ABSTRACT

In the early weeks of January 1999 I started planning an exhibition to mark, later that same year, the centenary celebrations of Cheltenham Art Gallery and Museum. Paul McKee, the museum's exhibitions officer, had invited me to consider the contents of the reserve collection as my theme. There was, McKee let me know, a great quantity of things in the storerooms and archives that remain year after year unknown to the public and, on the occasion of the museum's anniversary, the idea was to ask an artist to respond imaginatively to this hundred-year-old residue of collecting. The commission followed a trend. Throughout the 1990s there had been growing interest in artists as ‘agents of change in the museum environment’. This phrase, which I first encountered at a conference entided ‘Engaging Practices: the forum for artists and museums’, 1 introduces the topic of this chapter.
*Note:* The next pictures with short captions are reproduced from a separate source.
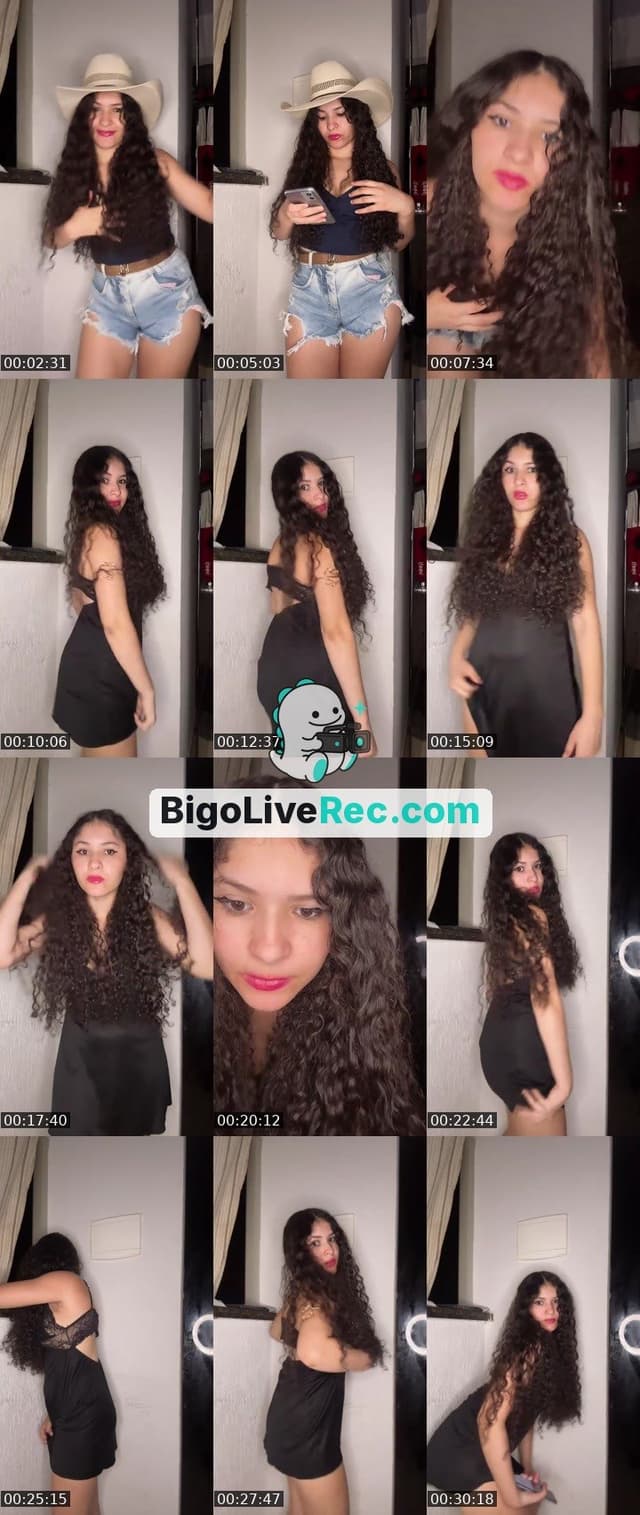 Bigo live: #Beauty  by @stefany5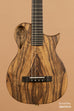 Revelator™ Nautilus Master Grade Korina Tenor Ukulele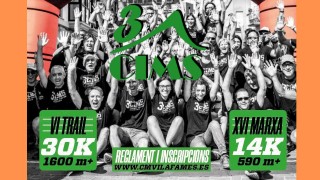 3 CIMS VILAFAMÉS 2021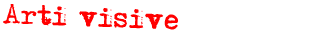 Arti visive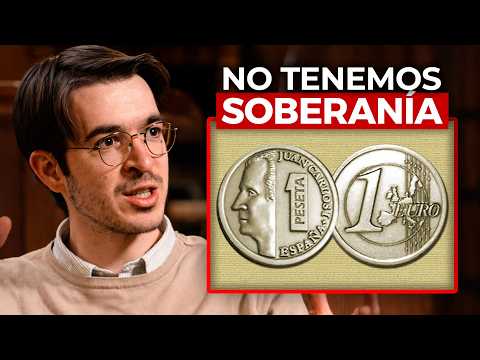 Sánchez Doesn't Want You to Know This: Who Really Controls Your Money? | Rubén Cientozero #57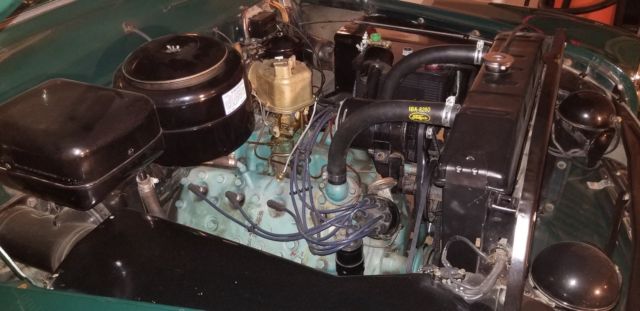 1951 Mercury Mercury - photo 10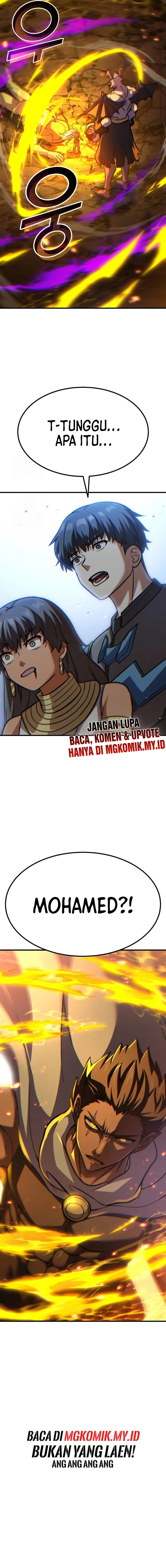 Divine Delivery  ( Heavenly Deliveryman ) Chapter 81 Gambar 14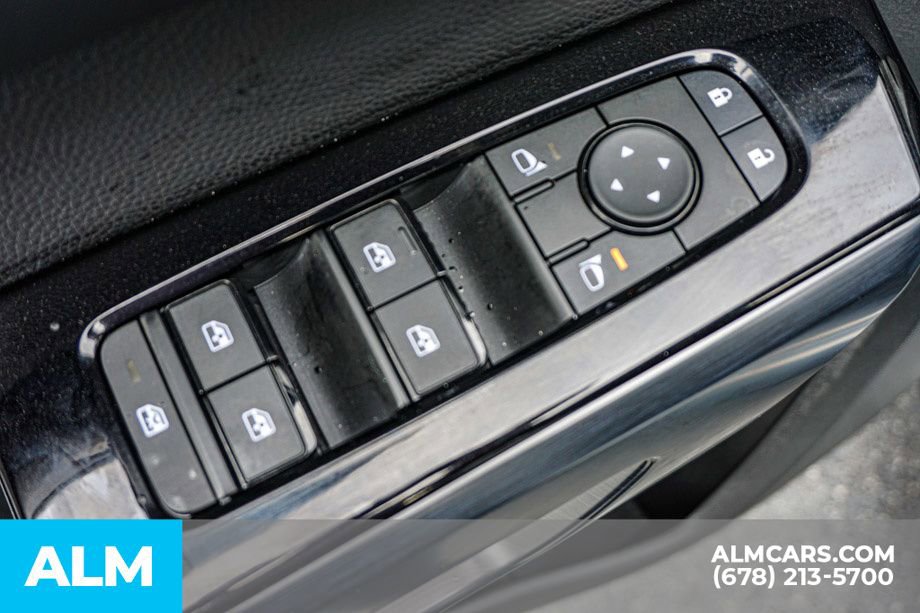 Used 2025 Nissan Pathfinder SL w/ SL Premium Package image 51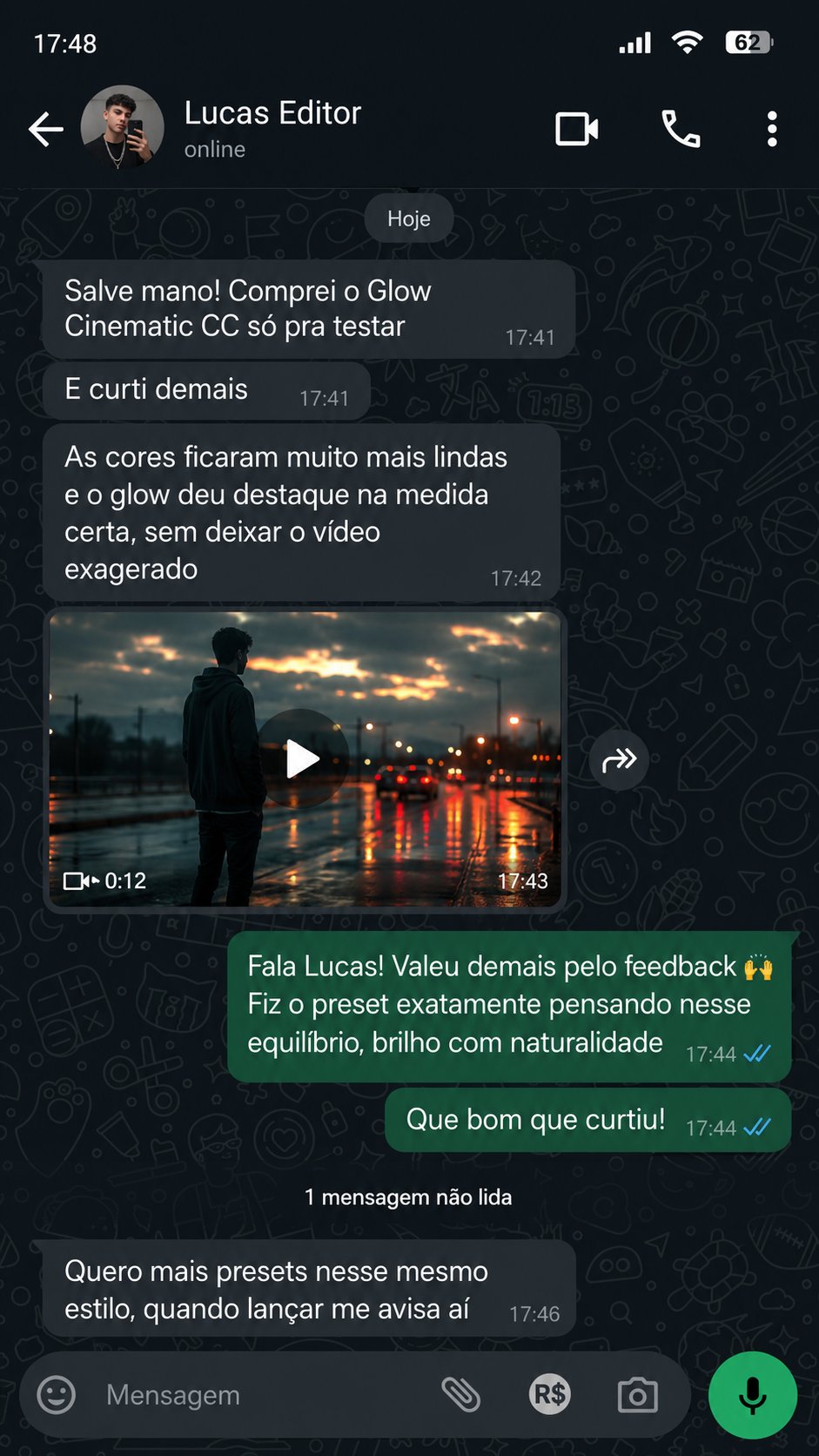 Depoimento 4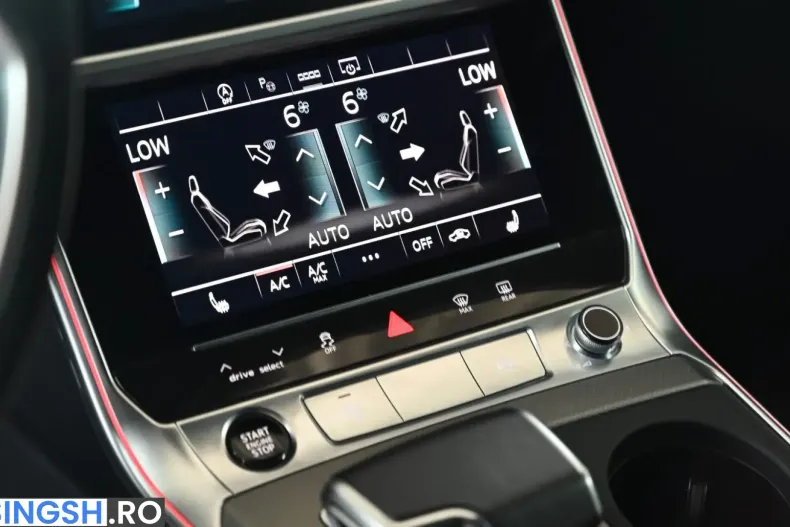 Audi A6 din 2023 cu 48.991 km - oferta AUD229830 - foto 21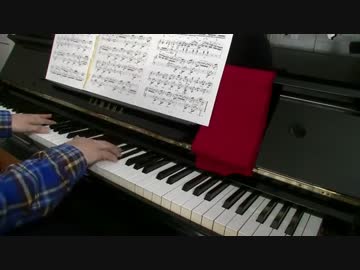 エリーゼのために ベートーヴェン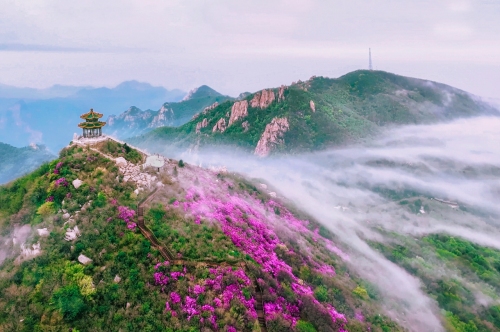 祖山风景区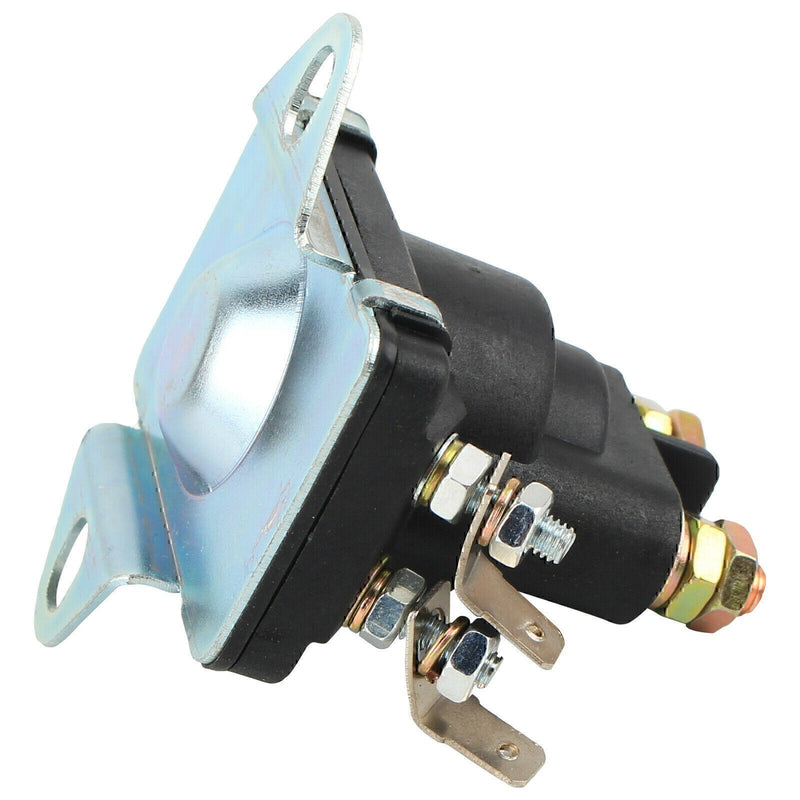 DURAFORCE 2pcs For Mercruiser Replaces Starter Tilt Trim Pump Relay Solenoid 89-96158T!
I wish to review what happened when an idea about placing contemporary artworks amongst historical or scientific exhibits (my modus operandi at the time) 2 was refocused ‘beyond display to address collections’ held out of sight and in reserve. 3 I had been invited to speak at ‘Engaging Practices’ and so someone somewhere must have described me in appropriately transformational terms, even though the agent of change idea seemed, on first hearing, rather too instrumental to capture my own understanding of artistic endeavour. However, the phrase has rhetorical value in this chapter because it allows me to place curatorial meaning-making in a face-to-face relationship with my activities as an artist and thus form an interestingly asymmetrical image that renders contrasting ideas about experiencing materiality in the museum. We will follow this motif even though more complex affiliations between artists and museums are actually the case.